Among the entries below, only the lines starting at the one with "100 W Güneş" and ending at the one with "Antique Jack Russell", both included, are to be printed exactly.
Dataset excerpts START
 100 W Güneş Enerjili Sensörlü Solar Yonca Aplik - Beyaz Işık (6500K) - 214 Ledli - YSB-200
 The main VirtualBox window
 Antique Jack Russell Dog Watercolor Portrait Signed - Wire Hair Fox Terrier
Dataset excerpts END
Dataset excerpts START
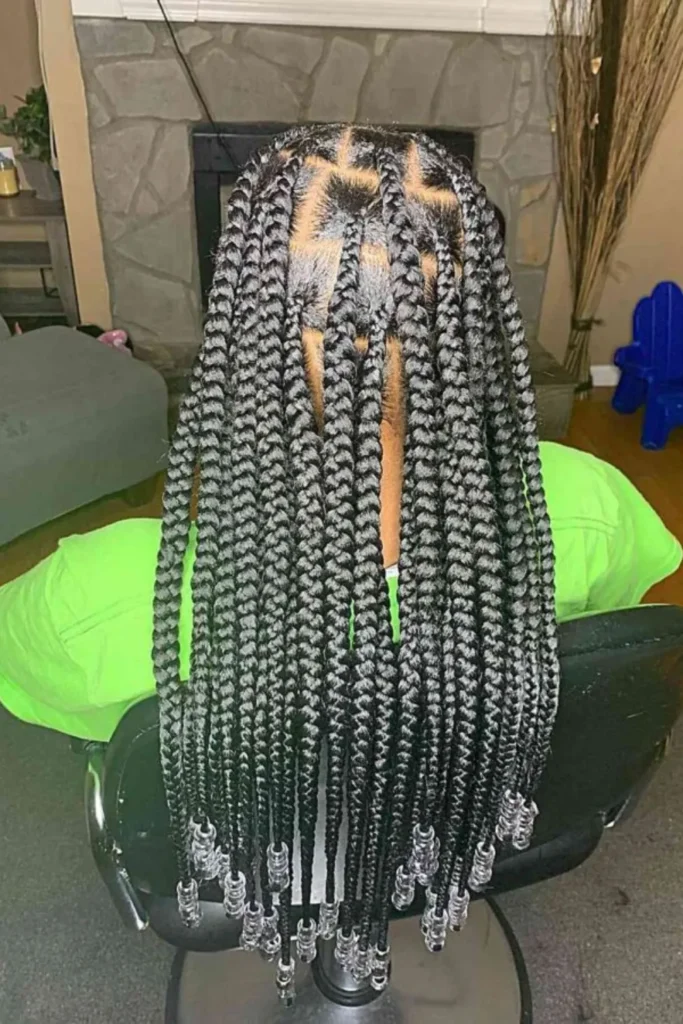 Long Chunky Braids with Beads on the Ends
Dataset excerpts END
Answer for this exercise
 100 W Güneş Enerjili Sensörlü Solar Yonca Aplik - Beyaz Işık (6500K) - 214 Ledli - YSB-200
 The main VirtualBox window
 Antique Jack Russell Dog Watercolor Portrait Signed - Wire Hair Fox Terrier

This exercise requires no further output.